## Exercise description
Leave out the pictures and retype, exactly, the lines below from the line with "Gemütliche 2-Zi-Wohnung mit" up to and including the line with "Sundown Memory Lane", nothing more.
=== Dataset entries ===
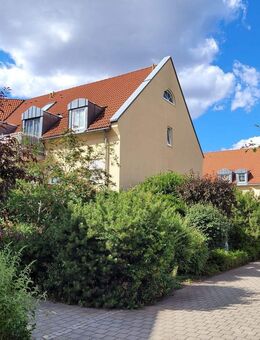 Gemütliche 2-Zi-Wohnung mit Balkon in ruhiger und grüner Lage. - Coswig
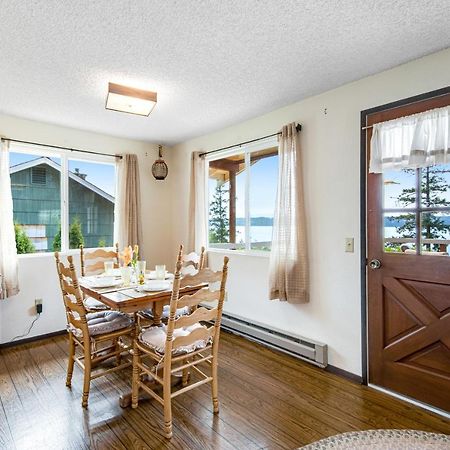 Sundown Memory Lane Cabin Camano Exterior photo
===
=== Dataset entries ===
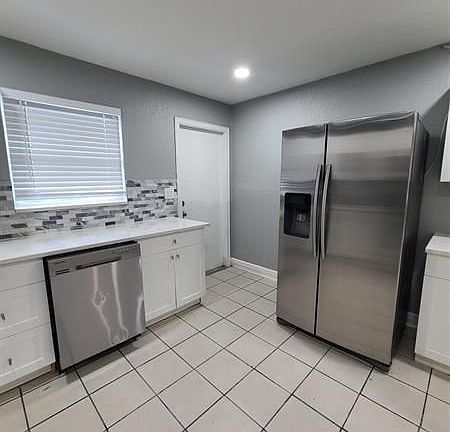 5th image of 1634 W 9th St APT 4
===
## Response to this exercise
 Gemütliche 2-Zi-Wohnung mit Balkon in ruhiger und grüner Lage. - Coswig
 Sundown Memory Lane Cabin Camano Exterior photo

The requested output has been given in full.